Female legislators and regional heads are failing to use their positions to promote gender equality, a women’s rights activist said on Tuesday.
Dwi Windyastuti, a researcher from Surabaya’s Airlangga University, said most Indonesian women tended to enter politics simply to enhance their social standing rather than champion women’s causes.
“Affluent businesswomen are more likely than other women to enter politics, which is due to the high cost of vying for public office, particularly a position as regional head,” she said.
“As a consequence, their motivation for getting into politics is more about gaining personal prestige than about improving social standards through a gender-based perspective.”
She added women in politics tended to emulate their male peers by prioritizing position and power over all else.
“Once these women get their positions, they forget that they’re meant to represent the country’s women,” Dwi said.
“They forget that they should be fighting for gender equality by addressing domestic violence, championing reproductive health awareness and ending human trafficking.”
Meanwhile, a 2010 UN Development Program Indonesia report points out that only 17.32 percent of seats at the House of Representatives (DPR) are occupied by women, up from 11.8 percent prior to the 2009 elections.

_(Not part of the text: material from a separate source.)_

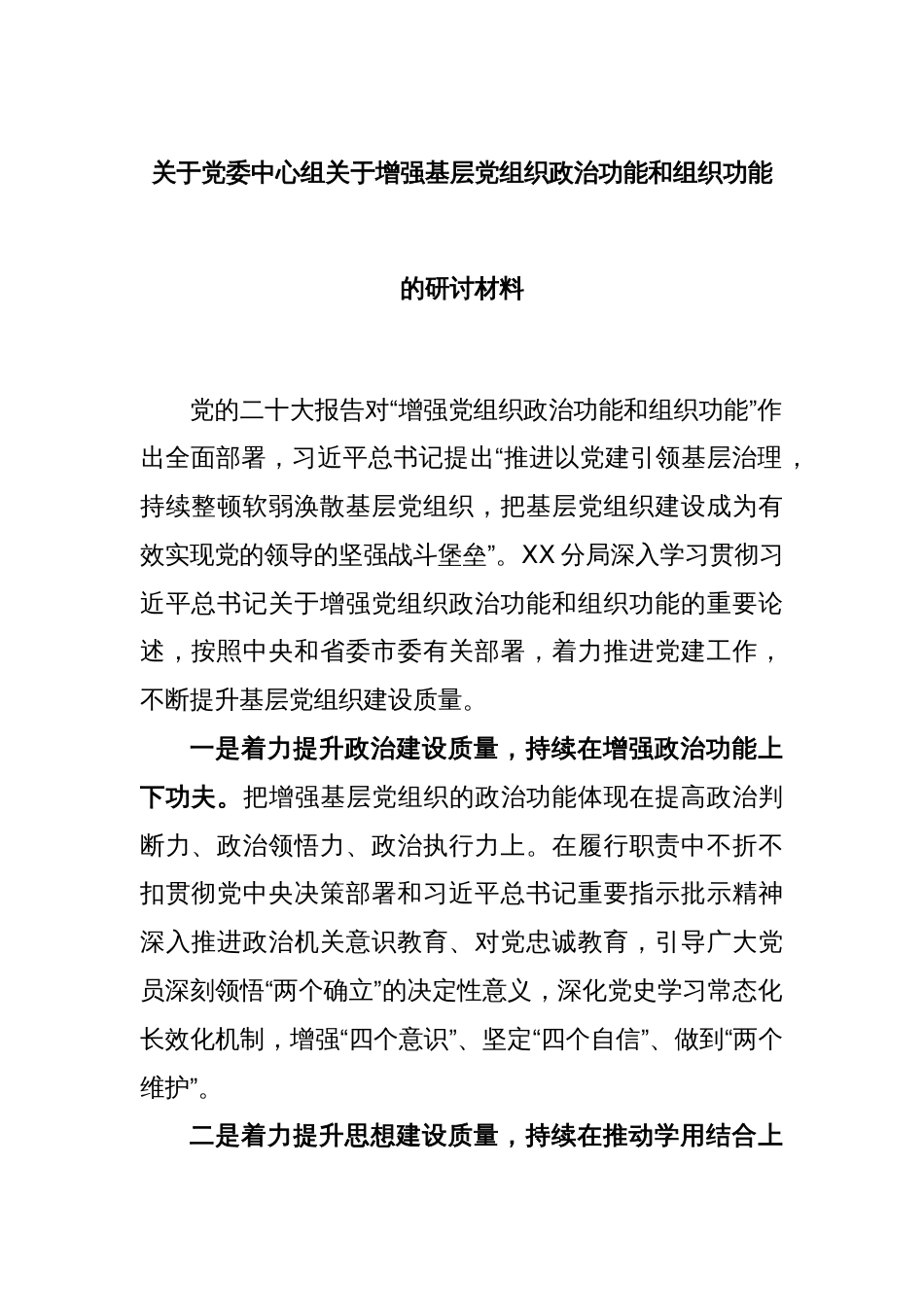 关于党委中心组关于增强基层党组织政治功能和组织功能的研讨材料_第1页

The report said there is only one woman among the country’s 33 governors — Ratu Atut Chosiyah of Banten province — along with 38 female district heads and five female ministers.
Angelina Sondakh, a House legislator and deputy secretary general of the ruling Democratic Party, said that while they remain outnumbered by men in politics, women are now increasingly taking up more important positions.
“In the past, you’d rarely see women serve in strategic positions, but now [female legislators’ roles] are improving,” she said.
She added that political parties should not only be concerned about meeting the quota to assign 30 percent of their House seats to women, they should also give them key positions in the party and the House.
However, Eva Kusuma Sundari, from the opposition Indonesian Democratic Party of Struggle (PDI-P) said that “We still have a long way to go if female politicians are to play a role as agents of change.”